Please copy out the entries below exactly, beginning with the line that contains "Froggies - Helen" and ending with the line that contains "Kuća Na prodaju - Ličko-senjska Senj", and include nothing outside that span.

* _DATA FOR PROCESSING_
═══

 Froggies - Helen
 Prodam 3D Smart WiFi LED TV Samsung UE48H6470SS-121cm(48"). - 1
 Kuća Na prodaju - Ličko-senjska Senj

═══

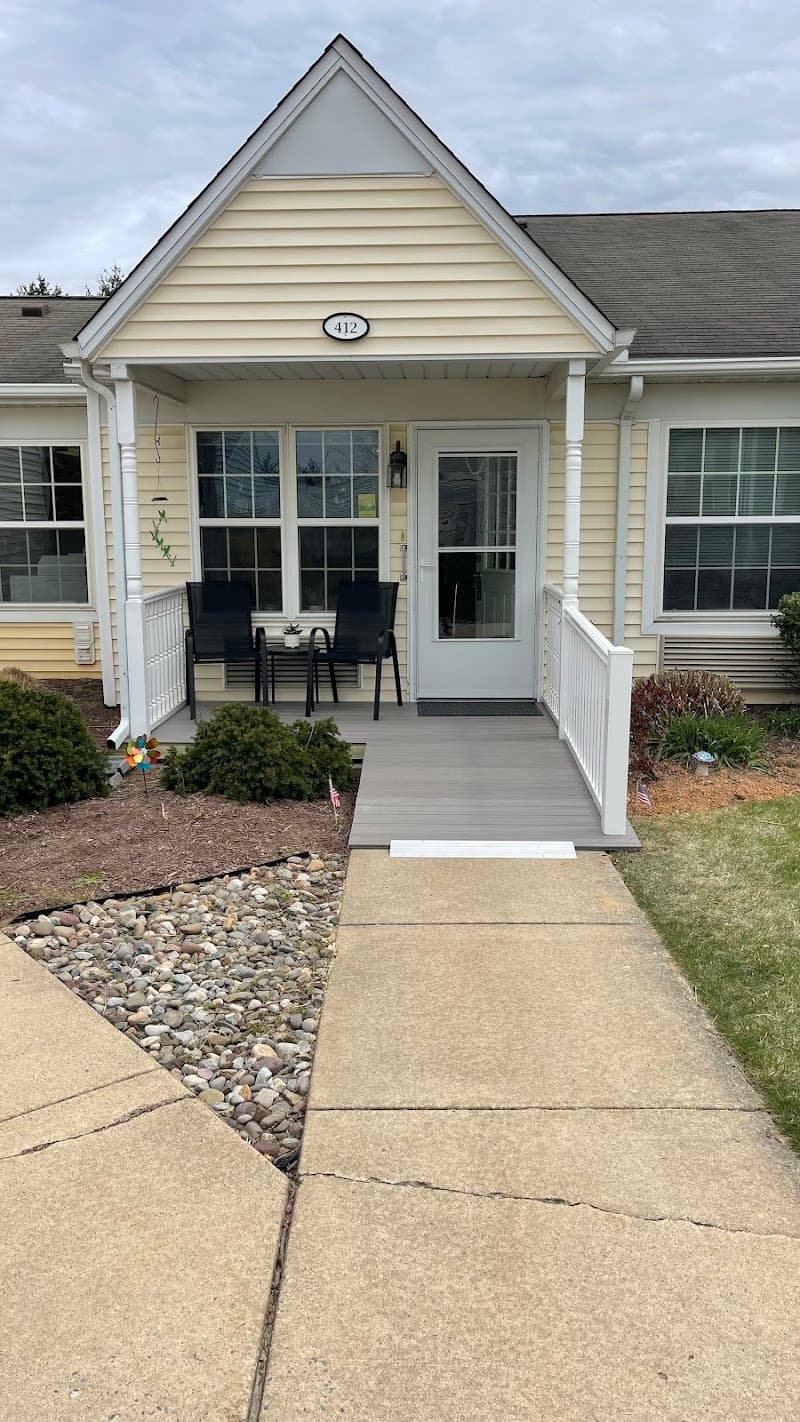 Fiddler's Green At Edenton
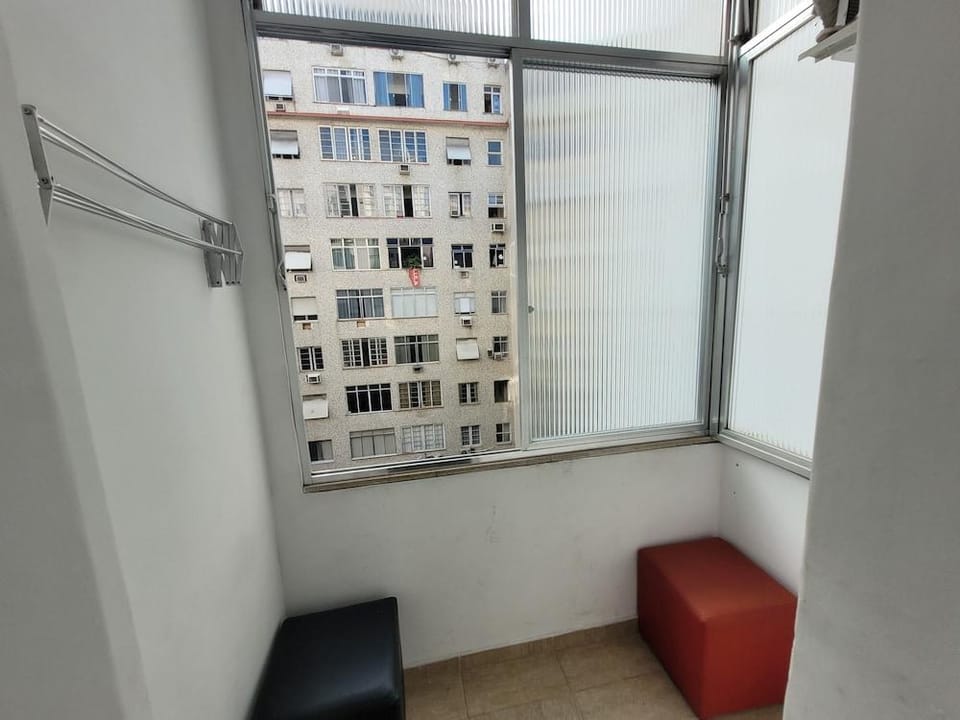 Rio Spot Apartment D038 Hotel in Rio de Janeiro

═══

* _WORKED SOLUTION_
 Froggies - Helen
 Prodam 3D Smart WiFi LED TV Samsung UE48H6470SS-121cm(48"). - 1
 Kuća Na prodaju - Ličko-senjska Senj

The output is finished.